The amendment without doubt gives to this court concurrent jurisdiction with the state courts, without the consent of the proposed defendant of any suit which sets forth such facts as will bring it under either of the excepted subdivisions. It is not covered by section 60, subd. “b” (30 Stat. 562, c. 541 [U. S. Comp. St. 1901, p. 3445]). There is no suspicion of a preference to be found in the facts. The language of section 67e (30 Stat. 564, c. 541 [U. S. Comp. St. 1901, p. 3449]) seems to be enough, unless we start with the admitted premise that a trustee must confine his endeavors to gather in the estate of the bankrupt to property over which the bankrupt had obtained title prior to bankruptcy and had disposed of in fraud of the act. The first thought which comes to one as he approaches this inquiry is whether it is right for the federal court to stick in the bark, indulging in refinements and niceties of strict legal definitions. The purpose of the bankruptcy act is to promote equity and fair dealing. In the sense of the act I think that the property for which in this suit recovery is sought was under the domination and control of the bankrupt shortly prior to bankruptcy, and that he transferred it to the defendants, who paid him therefor an inadequate price, well knowing that he was insolvent, and did not intend to pay his debts with the money which they gave him. If the trustee cannot bring a suit somewhere upon such a state of facts, no remedy for the wrong stated exists.

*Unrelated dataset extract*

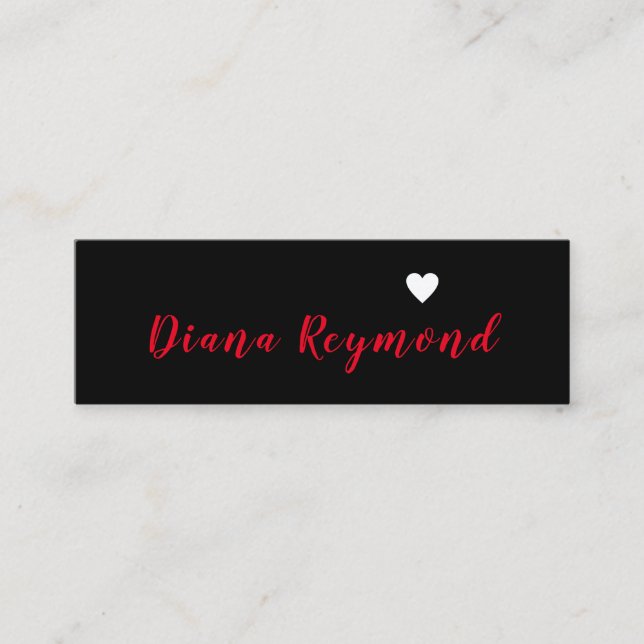 tarjeta de perfil profesional negra con corazón (Anverso)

The objection that the bankrupt never gained a title to the property in dispute by reason of the mutual fraud would be pressed in the state court against the trustee as a full defense, and might be more forcible there than here, because the forum selected might not have the equitable powers which Congress has wisely conferred upon us. The parties who were in the first instance deprived of their property by the scheme have come to our court, and, by filing their claims as creditors, have invoked our protection. That action would be used against them, if they individually sought aid in a state court. Can it be possible that the trustee, who is an officer of the court, must be driven away when he comes to us and tells of a grievous wrong done to certain parties who have chosen him as their protector and expect him to obtain relief for that wrong? If it be so, the bankruptcy act is impotent at a vital and crucial point. I, for one, am not willing to admit it. This is the broad view of the matter. A technical examination leads to the same conclusion.
As already suggested, the parties chiefly interested have offered themselves to this court as creditors of the estate. By filing their claims against the bankrupt they have waived their right to dispute the passing of the title in their goods to him prior to bankruptcy. They have done more than that. They have, by affirmative action, ratified the original purchase, sale and delivery of those goods, as constituting, ■a valid title thereto in the bankrupt. The only remedy remaining open is for the trustee, whom they have helped to elect and who is sub-rogated to their rights, to find their property if he can, and if, as is the case here, he cannot find it, to seek damages from the parties to whom .it was unlawfully transferred, which, if collected, will inure to the benefit of the injured parties who have sought our aid.
Let the plea to the jurisdiction be overruled.